I received a question from a recent seminar participant that was buried in one of the comments. I started to answer it there, but when I finished I realized it was way too long to be just a comment … so I repost it here.

The question was “So, how does one confront the “Fog Horns” that create so much conflict in the transforming church? And the words to use? While I enjoyed reading several of your articles, I did not readily find anything on the subject.”

The following response is predicated on the need to confront a congregational controller after they’ve “misbehaved.”

Step one: Develop congregational expected behaviors. If you don’t do this, you cannot effectively move on to step two. DO NOT SKIP THIS STEP. I’ve written about this is a number of other posts, so I won’t belabor it here. Except to say again, do not skip this step!!!!!

Step two: Rely on Matthew 18:15-17 when someone misbehaves.

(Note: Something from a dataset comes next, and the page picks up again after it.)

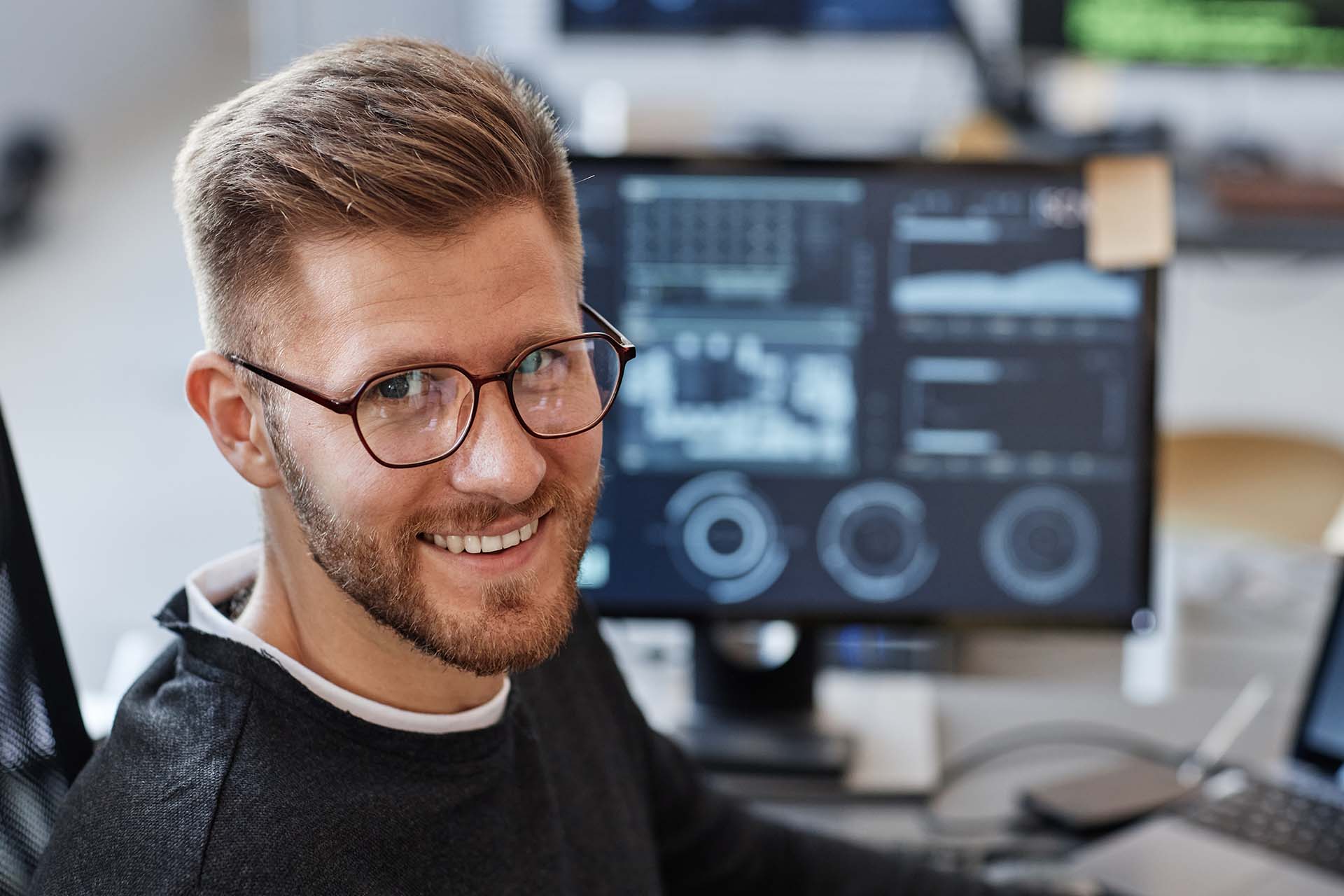 A bespectacled man smiles at the camera with a screen showing analytics in the background
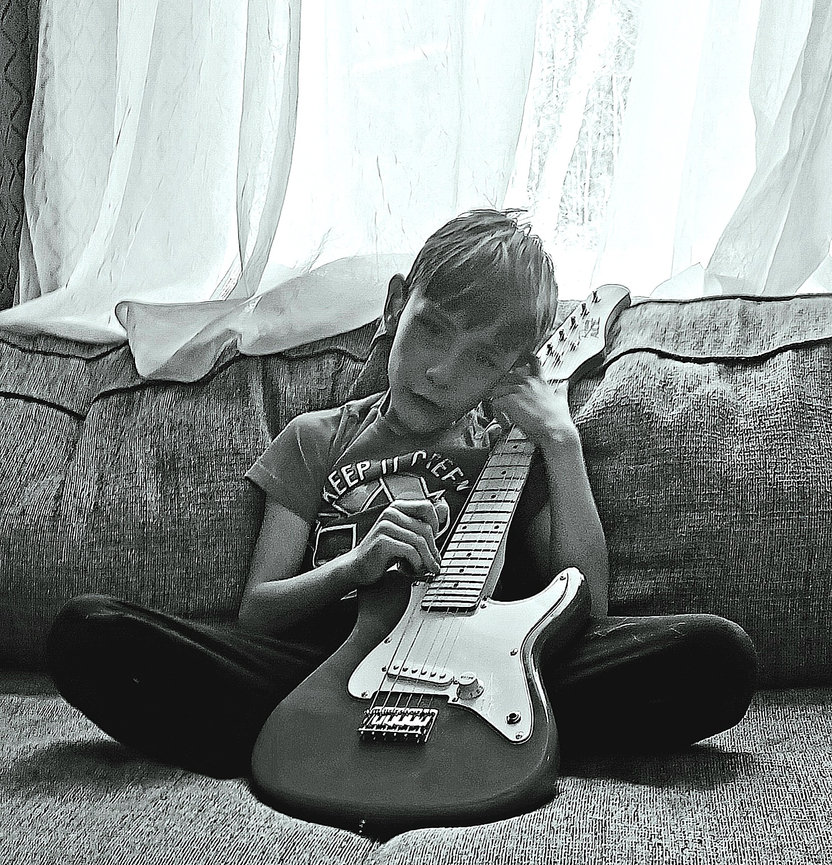 Black and white image of a child sitting with a guitar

  • After an incident, the pastor or board chair immediately visits the controller one-on-one and says, “As a congregation, we’ve agreed that we will not treat one another like this. Your behavior wasn’t in keeping with our expected behaviors. This cannot continue.” If an apology and repentance is offered, the issue is done (until the next time, if there ever is a next time). If, on the other hand, the controller refuses to repent and/or makes excuses or turns the blame on the board/pastor/committee/church etc., conflict resolution goes to the next level.
  • The pastor or board chair reports to the executive committee (if the board is over 12 people) or to the board the response. Then two people, the original visitor and one other (typically an elder or a senior member of the board/executive committee) goes to the controller and says, essentially, the same thing as in the first visit, except this time the controller is told that the behavior will not be tolerated and that it must cease. If the controller repents, the issue is done. If not, the conflict resolution goes to the final level.
  • The two visitors next report to the board (the whole group this time) about the visits. The board should discuss the issue and the behavior. If the board agrees that the behavior was and is inconsistent with the congregation’s expected behavior covenant, then they have no choice but to invite the controller to appear before them. If the controller comes (highly unlikely in my experience), the board then informs the controller that the controller’s behavior is unacceptable and if the behavior does not immediately cease, then the board has no choice but to remove the controller from all leadership positions and to instruct the controller to not return to the church until they have decided to behave otherwise … and if they so decide, the controller must seek reconciliation beginning with the pastor and then the board.  In other words, show the controller the door and tell them to not come back until they’ve had a change of heart.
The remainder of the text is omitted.